SOURCE MATERIAL.
________________

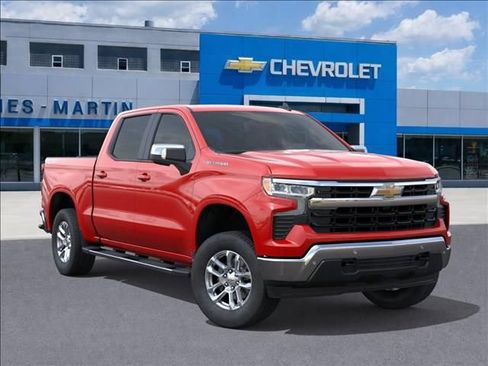 Used 2024 Chevrolet Silverado 1500 LT w/ Safety Package AWD/4WD image 7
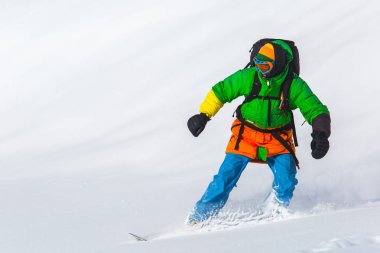 taze kar kayak pisti üzerinde üzerinde güneşli kış gününde Gürcistan'daki Kayak merkezinde Snowboard Snowboard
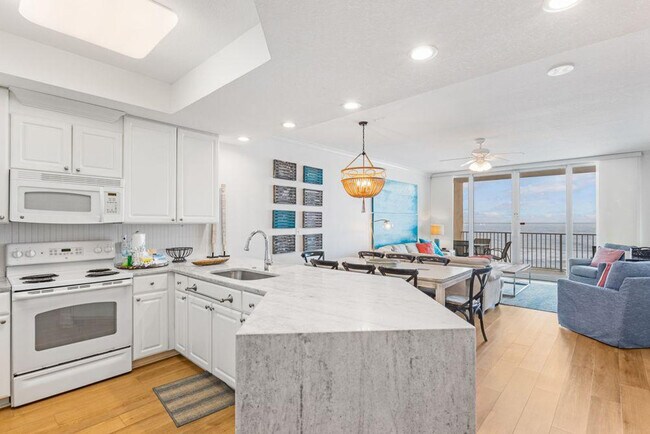365 E Beach Blvd Unit SI ID1267795P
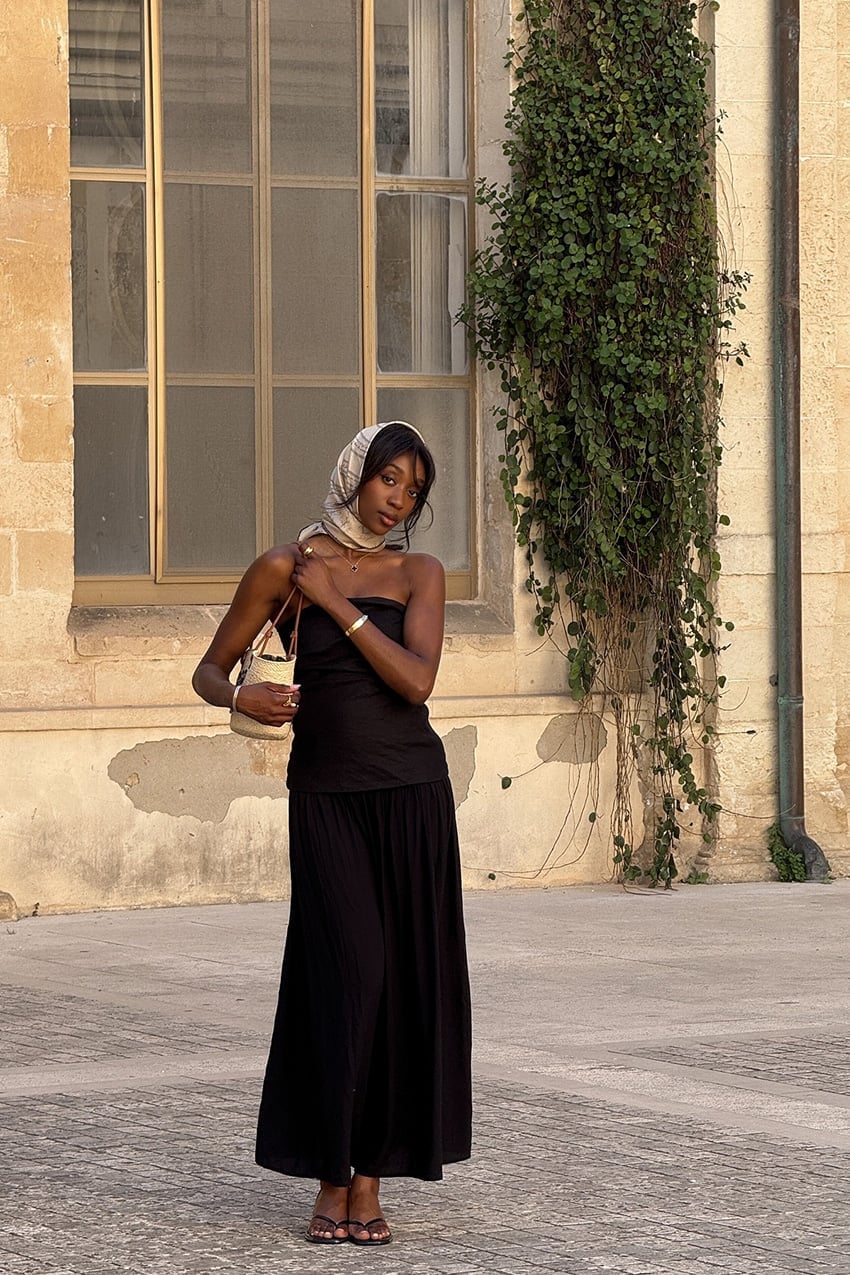 Black strapless top and flowing maxi skirt Black strapless top and flowing maxi skirt — Europe Outfits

________________

WHAT YOU NEED TO DO.
Output the data exactly as it is, with the pictures dropped.

EXERCISE ANSWER.
 Used 2024 Chevrolet Silverado 1500 LT w/ Safety Package AWD/4WD image 7
 taze kar kayak pisti üzerinde üzerinde güneşli kış gününde Gürcistan'daki Kayak merkezinde Snowboard Snowboard
365 E Beach Blvd Unit SI ID1267795P
 Black strapless top and flowing maxi skirt Black strapless top and flowing maxi skirt — Europe Outfits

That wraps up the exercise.